This is not an unfamiliar sensation. Many things have changed in my parents' house since I was a child, but this -- the strategic placement of terrifying objects in spots where they ought not to be -- remains the same. I appreciate the sense of continuity, if not the constant goosebumps and sense of impending doom. Oh, yes, darling, you can go home again... IF YOU DARE.
I should be used to it by now. The house is old, and it creaks, and there are cold corners and long hallways and high-ceilinged rooms that swallow everything in darkness. It's all run-of-the-mill and not that frightening, until you factor in the other Various Scary Things that have become part of the landscape over the years -- the carved bust of a long-dead relative staring with sightless eyes from the corner of the living room, the odd Halloween mask dropped jauntily over the head of the newel post, paintings of flowers that have creepy faces in the center of the blossoms. (Yes, they do.)
This is my mother's doing. Mostly. Okay, I admit: some of it, like the empty-eyed bust, is genuine heirloom-whatever, and we have it, and so it has to be displayed no matter how scary it is. But there are other things, other things, for which there is no such excuse. Items that have been purchased, intentionally, and I can't even begin to imagine where; somewhere, there must be an untravelled store aisle marked "Things That Will Make People Scream and/or Pee". When I was seven, my mom brought home a life-sized Raggedy Ann Doll with oily glass eyes and a frozen smile. She put it in my room. She put it in a chair facing the bed, you guys, so that its black, empty stare would be the first thing I saw when I opened my eyes. Incredibly, she was never arrested for child abuse.

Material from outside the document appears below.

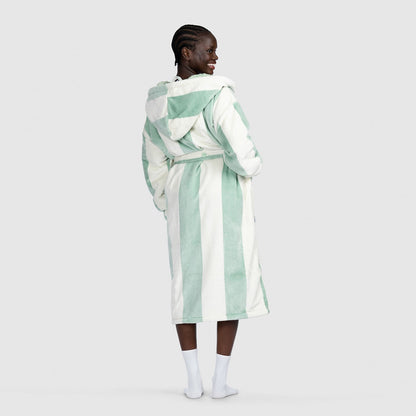 Sage Stripe Sherpa Dressing Gown The Oodie UK Sage Stripe Sherpa Dressing Gown The Oodie UK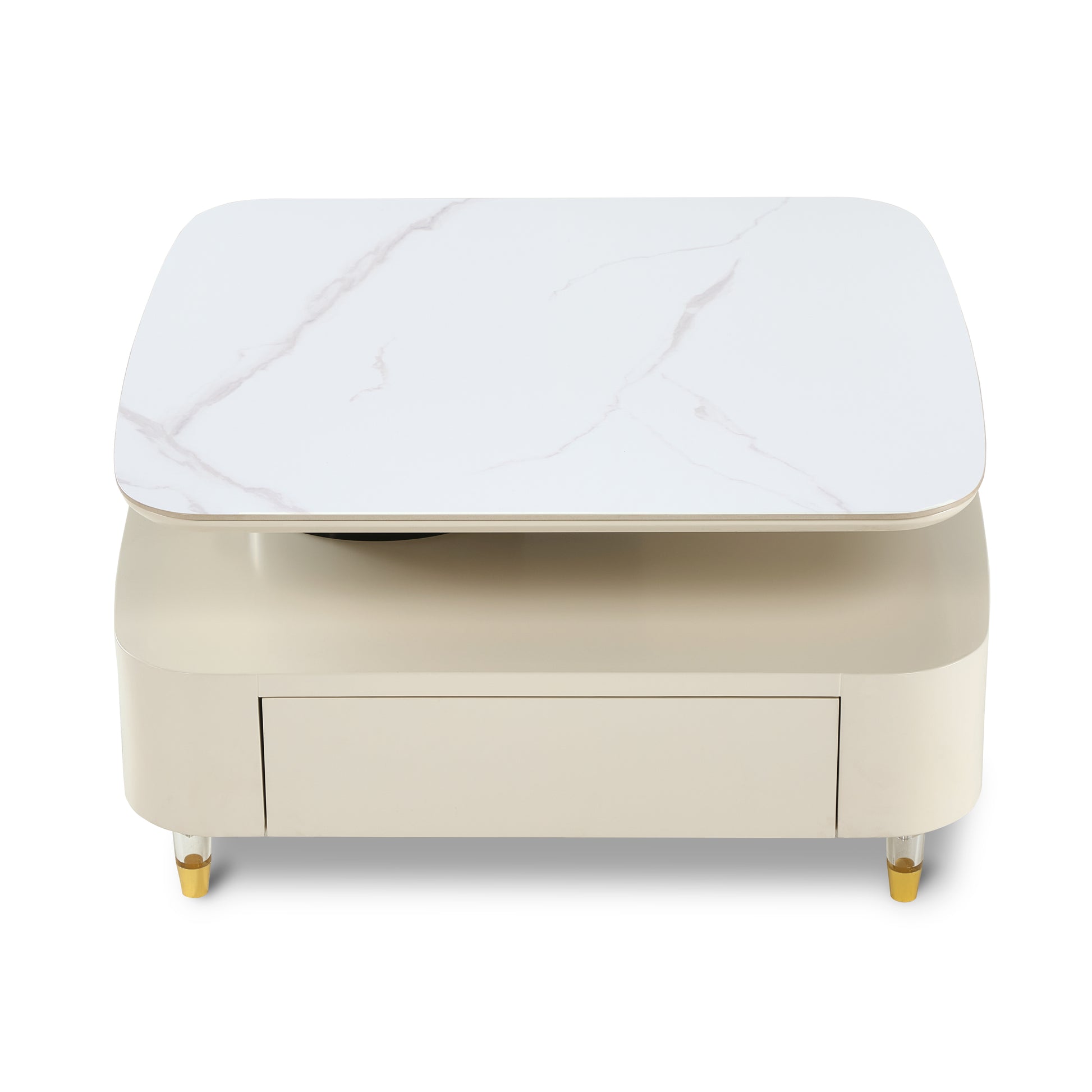 Eureka Ergonomic 35" Creamy White Rotating Coffee Table With Drawers, White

When people say, "Wow, I've never known someone who was almost thirty and still scared of the dark!", I tell them about Raggedy Ann. And then I shudder.
Anyway, twenty years later, Mom hasn't lost her touch. Raggedy Ann is long-gone, of course, but there's always something to serve the same purpose. Like, say, this.

The perfect addition to your boudoir decor, dear readers. By day, a dressmaker's dummy; by night, a shadowy, humanoid form, lurking in the corner behind the door, so that your guests can periodically wake up and discover that there's somebody in the roooooooooooom.
Mom, I know you're reading this, and I know I was all, "Oh, it's fine. Fine. I'm not bothered by it at all," but I lied, okay. Please get it out of there. For the love of God, you do not even MAKE DRESSES.